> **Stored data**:
□ □ □ □ □
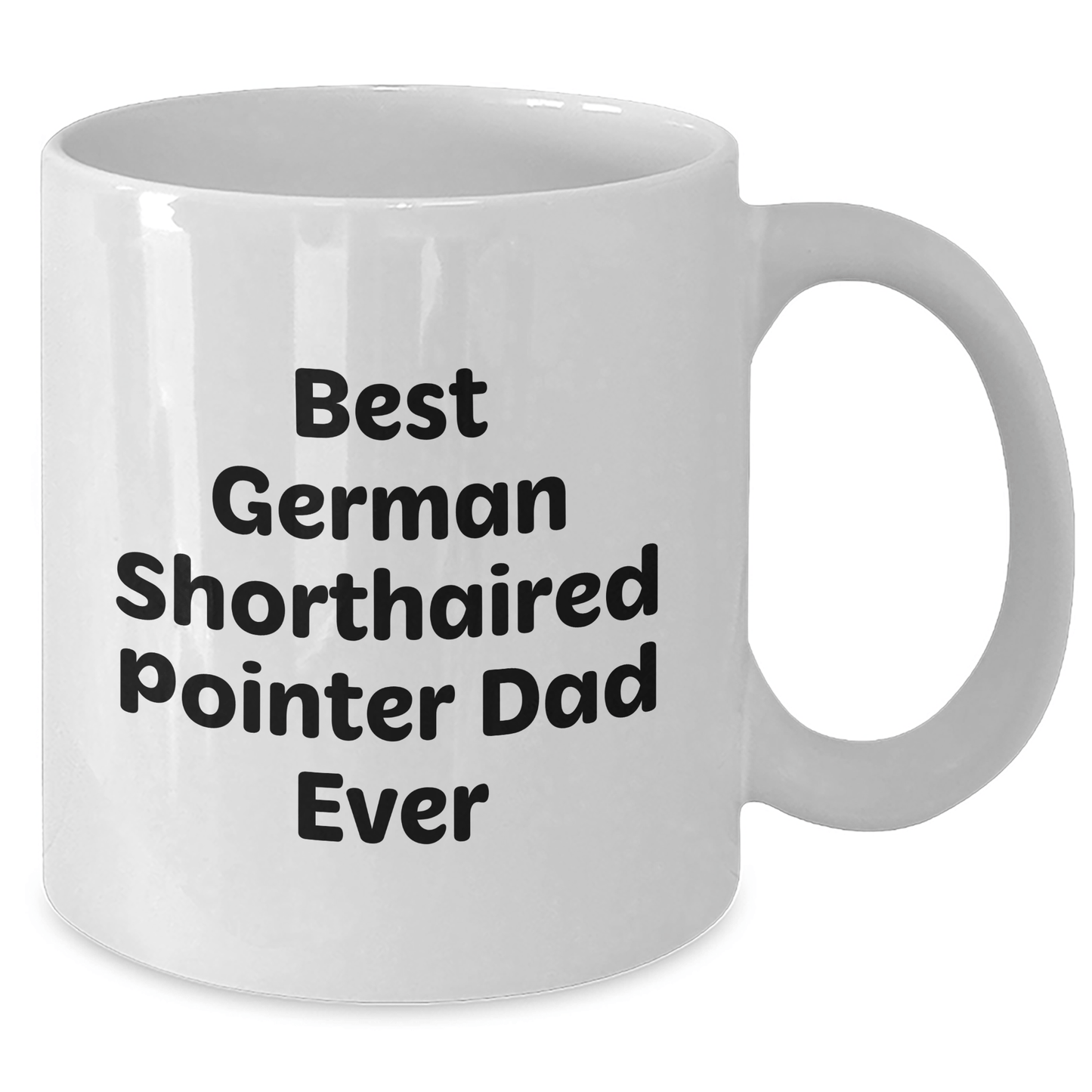Funny German Shorthaired Pointer Dog Gifts for Men Funny Father's Day White Coffee Mug, Gifts from Men to Best German Shorthaired Pointer Dad Ever, German Shorthaired Pointer Dog White Coffee Mug - Victory Thru Vision 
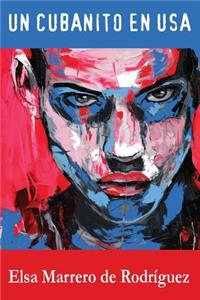 Un cubanito en USA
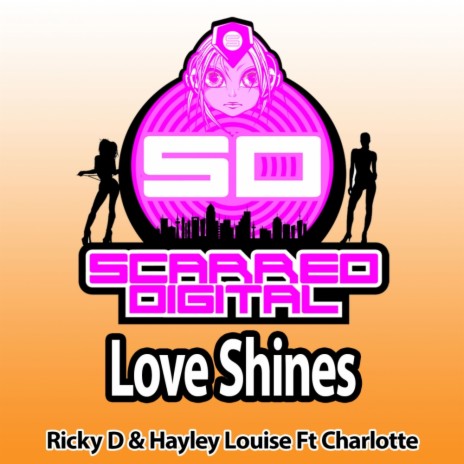 Love Shines (Original Mix) ft. Hayley Louise & Charlotte cover art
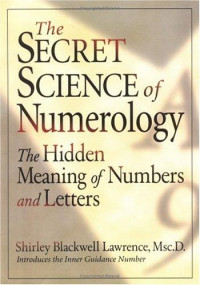 Shirley Blackwell Lawrence [Lawrence, Shirley Blackwell] — The Secret Science of Numerology: The Hidden Meaning of Numbers and Letters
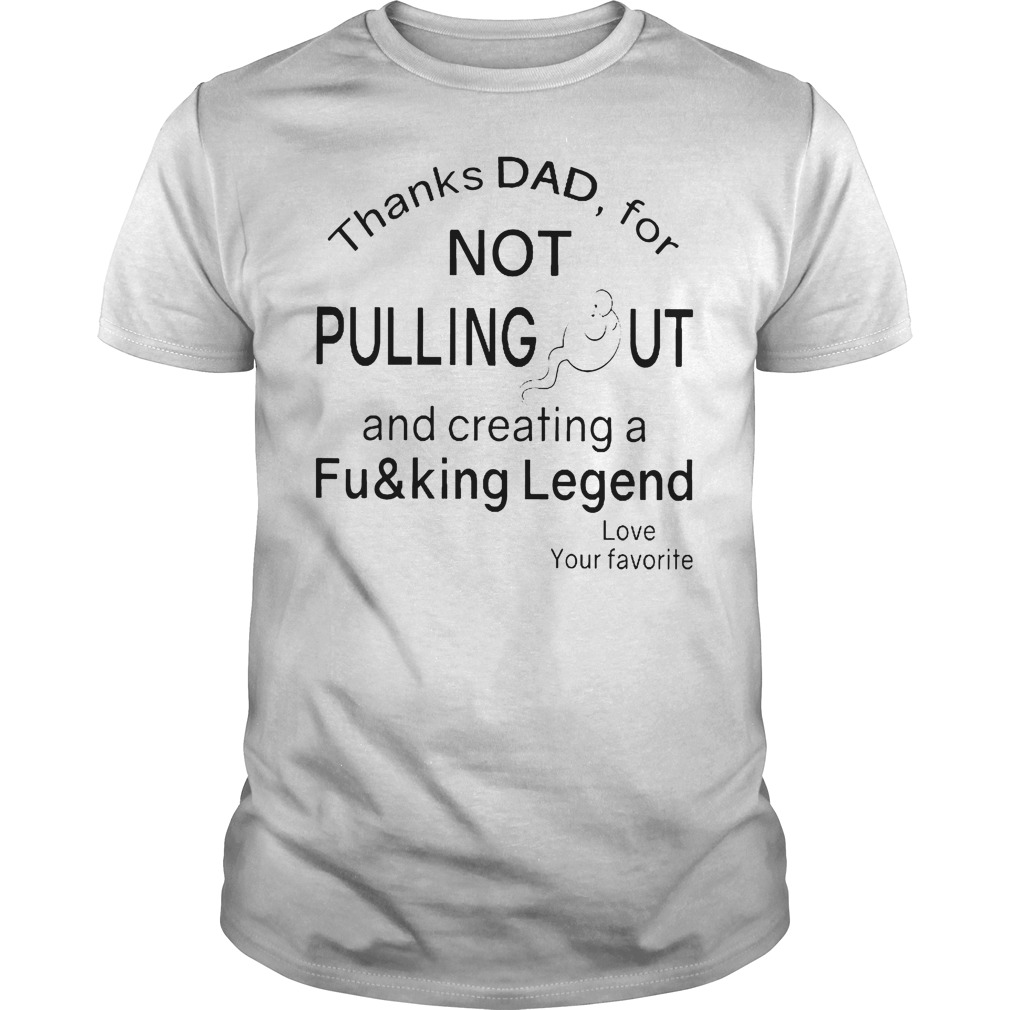 Thanks Dad For Not Pulling Out T-Shirt Thanks Dad For Not Pulling Out T-Shirt 1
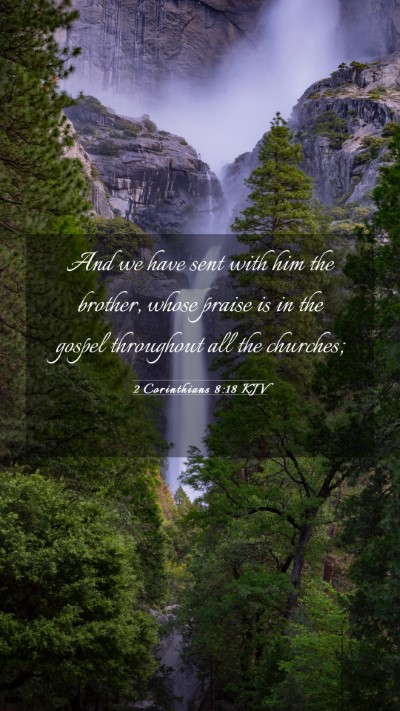 Picture 03 - 2 Corinthians 8:18 KJV Mobile Phone Wallpaper - And we have sent with him the brother, whose - Mobile Bible Verse Wallpaper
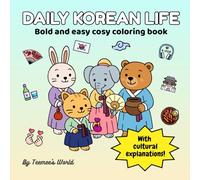 Daily Korean Life Coloring Book : 40 Relaxing Coloring Scenes With Cultural Explanations: Bold and Easy Cosy Designs, Perfect for Beginners and Experts, Single-Sided to Prevent Bleed-Through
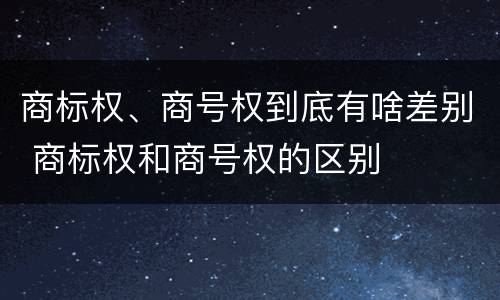商标权、商号权到底有啥差别 商标权和商号权的区别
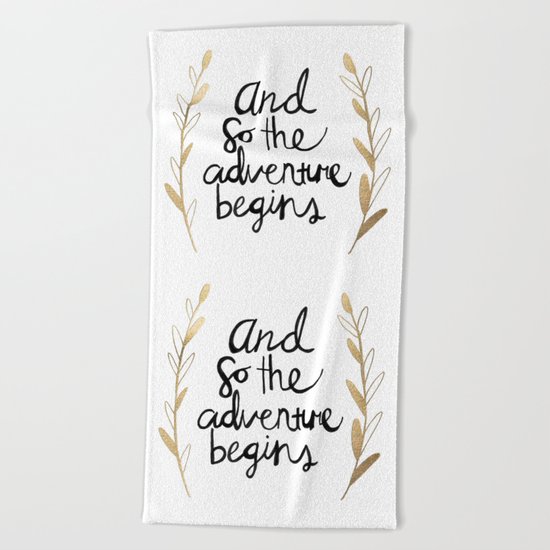 The Adventure Begins Beach Towel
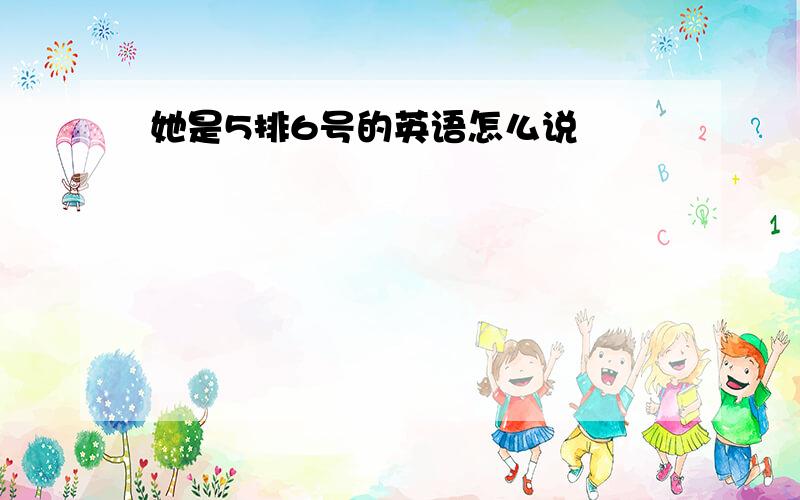 她是5排6号的英语怎么说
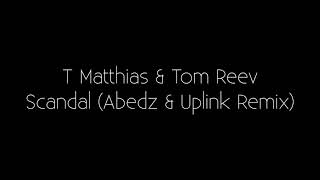 T Matthias & Tom Reev - Scandal (Abedz & Uplink Remix) (Bass boosted)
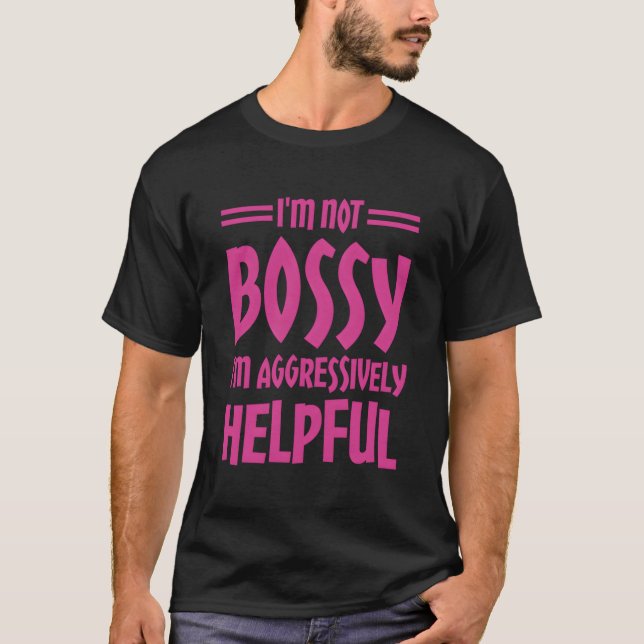 Camiseta No Soy Jefe, Soy Agresivamente Útil (Anverso)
□ □ □ □ □
> **Task to complete**: Word for word, reproduce all of the entries above and omit the pictures.

> **Response to the exercise**:
Funny German Shorthaired Pointer Dog Gifts for Men Funny Father's Day White Coffee Mug, Gifts from Men to Best German Shorthaired Pointer Dad Ever, German Shorthaired Pointer Dog White Coffee Mug - Victory Thru Vision 
 Un cubanito en USA
 Love Shines (Original Mix) ft. Hayley Louise & Charlotte cover art
 Shirley Blackwell Lawrence [Lawrence, Shirley Blackwell] — The Secret Science of Numerology: The Hidden Meaning of Numbers and Letters
 Thanks Dad For Not Pulling Out T-Shirt Thanks Dad For Not Pulling Out T-Shirt 1
 Picture 03 - 2 Corinthians 8:18 KJV Mobile Phone Wallpaper - And we have sent with him the brother, whose - Mobile Bible Verse Wallpaper
 Daily Korean Life Coloring Book : 40 Relaxing Coloring Scenes With Cultural Explanations: Bold and Easy Cosy Designs, Perfect for Beginners and Experts, Single-Sided to Prevent Bleed-Through
商标权、商号权到底有啥差别 商标权和商号权的区别
 The Adventure Begins Beach Towel
 她是5排6号的英语怎么说
 T Matthias & Tom Reev - Scandal (Abedz & Uplink Remix) (Bass boosted)
 Camiseta No Soy Jefe, Soy Agresivamente Útil (Anverso)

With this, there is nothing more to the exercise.